• [WORKING DATA]:
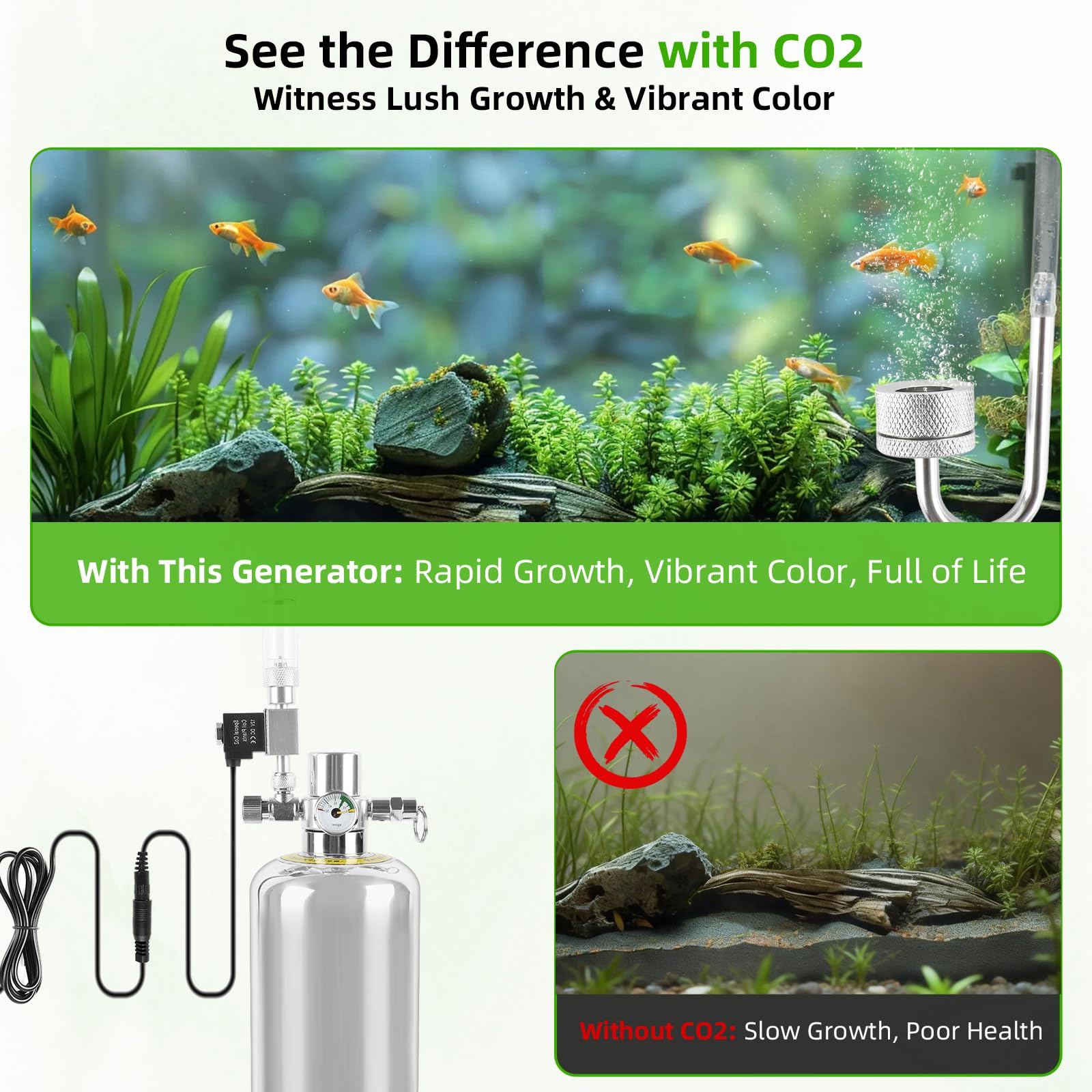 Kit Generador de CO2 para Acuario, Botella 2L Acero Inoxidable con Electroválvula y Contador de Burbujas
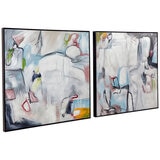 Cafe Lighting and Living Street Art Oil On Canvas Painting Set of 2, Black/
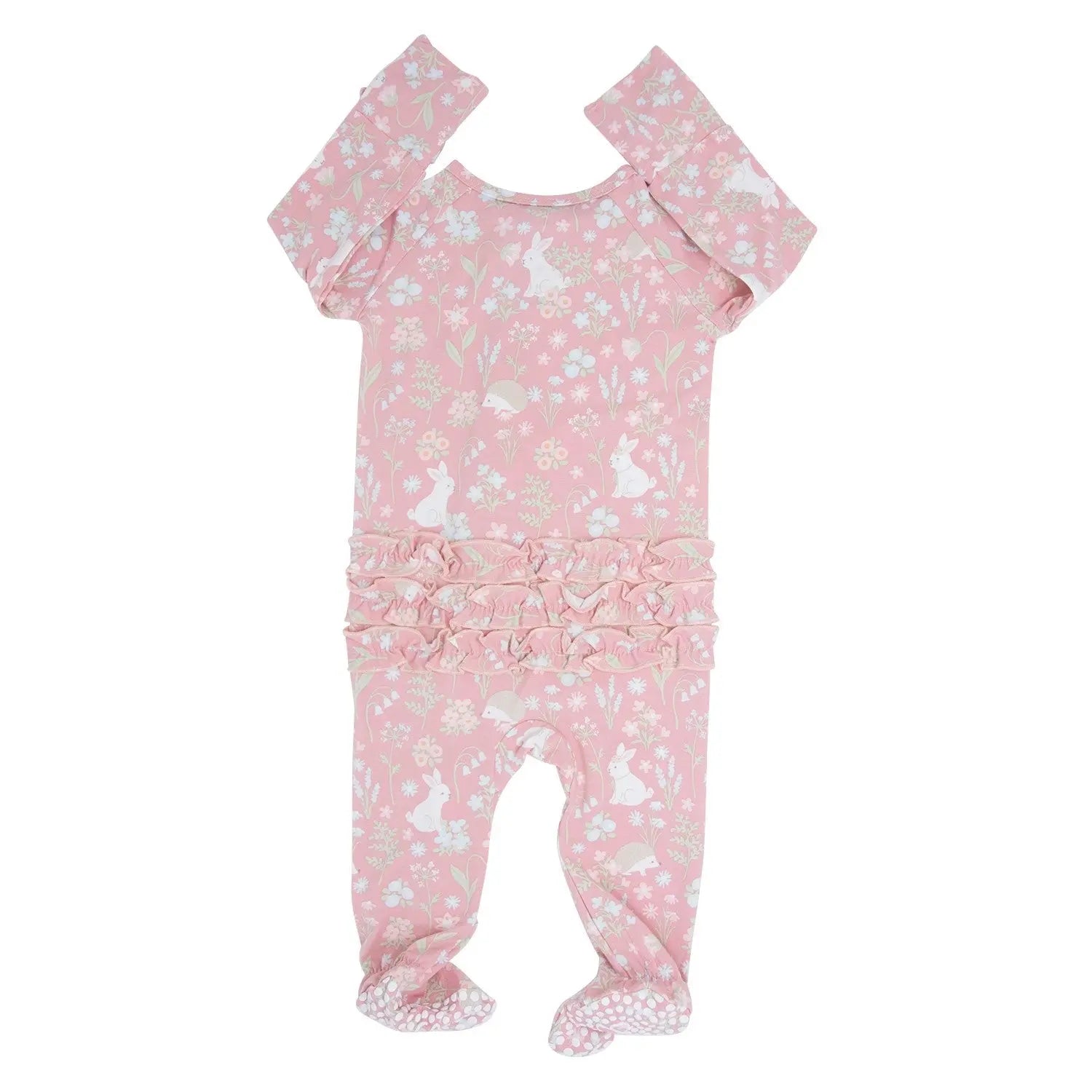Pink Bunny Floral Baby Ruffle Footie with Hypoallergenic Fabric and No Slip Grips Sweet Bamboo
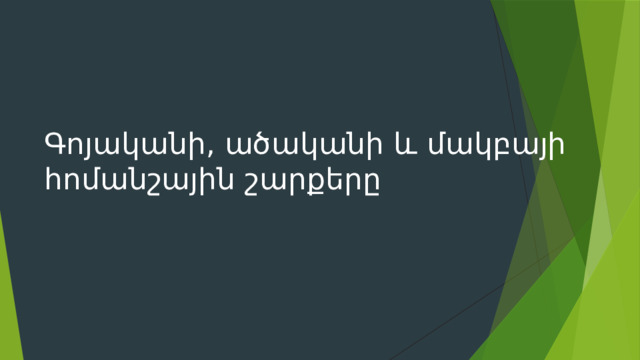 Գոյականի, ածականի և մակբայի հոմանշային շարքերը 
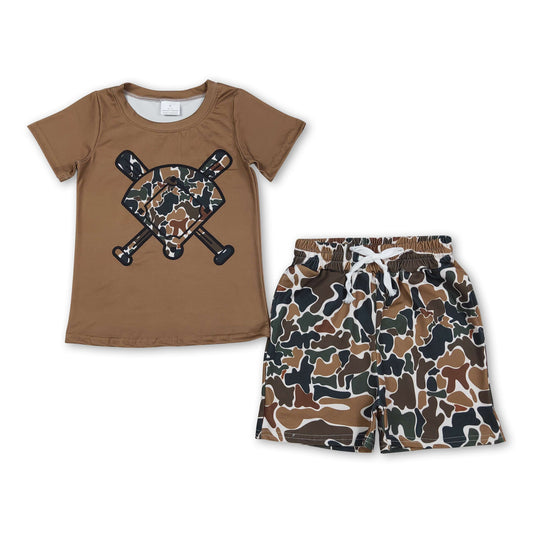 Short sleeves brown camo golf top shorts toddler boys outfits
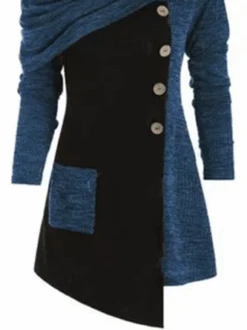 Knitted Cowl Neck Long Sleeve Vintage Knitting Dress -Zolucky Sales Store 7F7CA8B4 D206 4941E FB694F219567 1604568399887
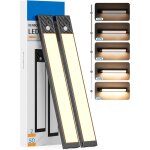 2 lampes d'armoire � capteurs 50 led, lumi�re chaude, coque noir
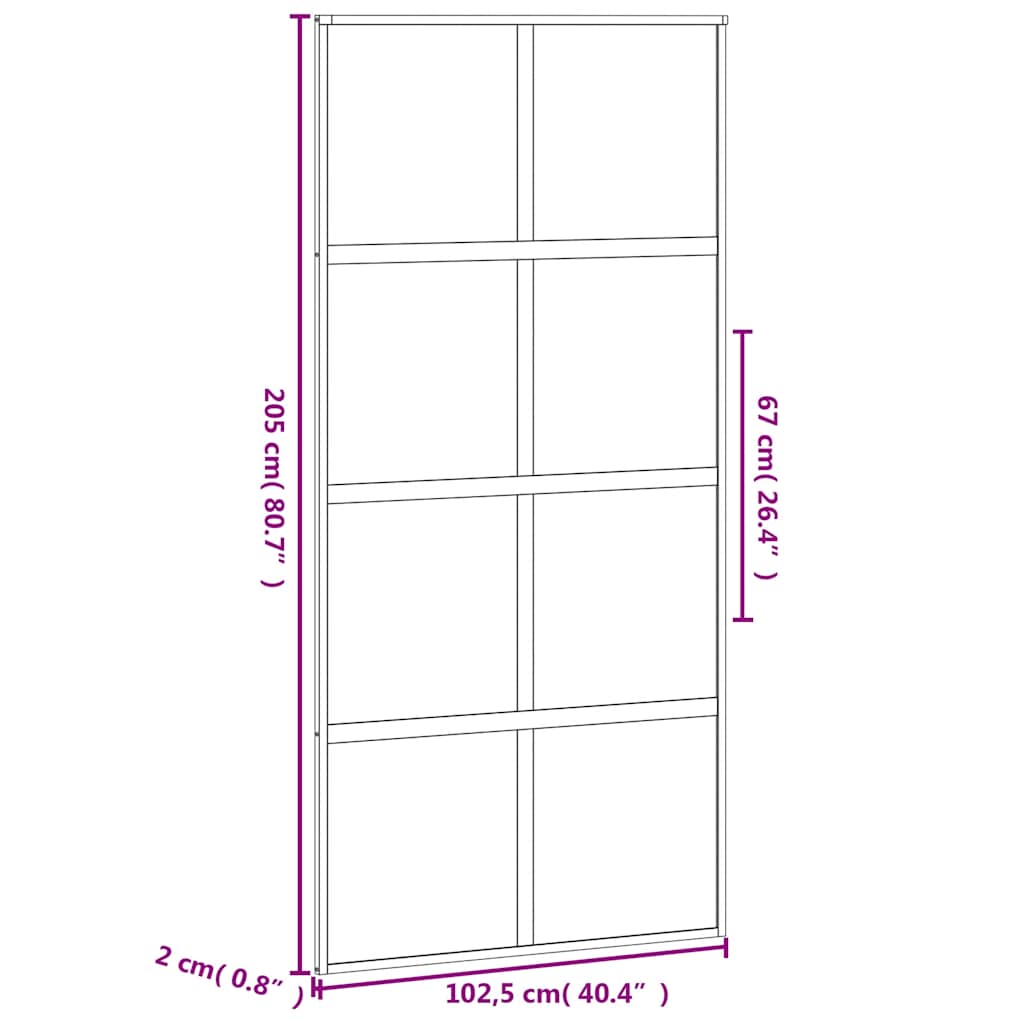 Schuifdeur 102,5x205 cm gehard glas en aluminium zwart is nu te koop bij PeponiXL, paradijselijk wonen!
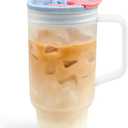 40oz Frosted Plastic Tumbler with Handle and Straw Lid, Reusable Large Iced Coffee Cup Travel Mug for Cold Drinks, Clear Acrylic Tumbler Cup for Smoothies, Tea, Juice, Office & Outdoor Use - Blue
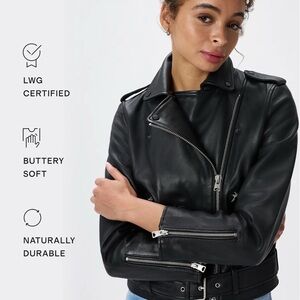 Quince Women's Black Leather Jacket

• [INSTRUCTIONS FOR THE TASK]:
Pictures are to be left out; all else in the entries above is to be quoted exactly.

• [REPLY]:
 Kit Generador de CO2 para Acuario, Botella 2L Acero Inoxidable con Electroválvula y Contador de Burbujas
 Cafe Lighting and Living Street Art Oil On Canvas Painting Set of 2, Black/
Pink Bunny Floral Baby Ruffle Footie with Hypoallergenic Fabric and No Slip Grips Sweet Bamboo
 Գոյականի, ածականի և մակբայի հոմանշային շարքերը 
 Short sleeves brown camo golf top shorts toddler boys outfits
 Knitted Cowl Neck Long Sleeve Vintage Knitting Dress -Zolucky Sales Store 7F7CA8B4 D206 4941E FB694F219567 1604568399887
 2 lampes d'armoire � capteurs 50 led, lumi�re chaude, coque noir
 Schuifdeur 102,5x205 cm gehard glas en aluminium zwart is nu te koop bij PeponiXL, paradijselijk wonen!
 40oz Frosted Plastic Tumbler with Handle and Straw Lid, Reusable Large Iced Coffee Cup Travel Mug for Cold Drinks, Clear Acrylic Tumbler Cup for Smoothies, Tea, Juice, Office & Outdoor Use - Blue
 Quince Women's Black Leather Jacket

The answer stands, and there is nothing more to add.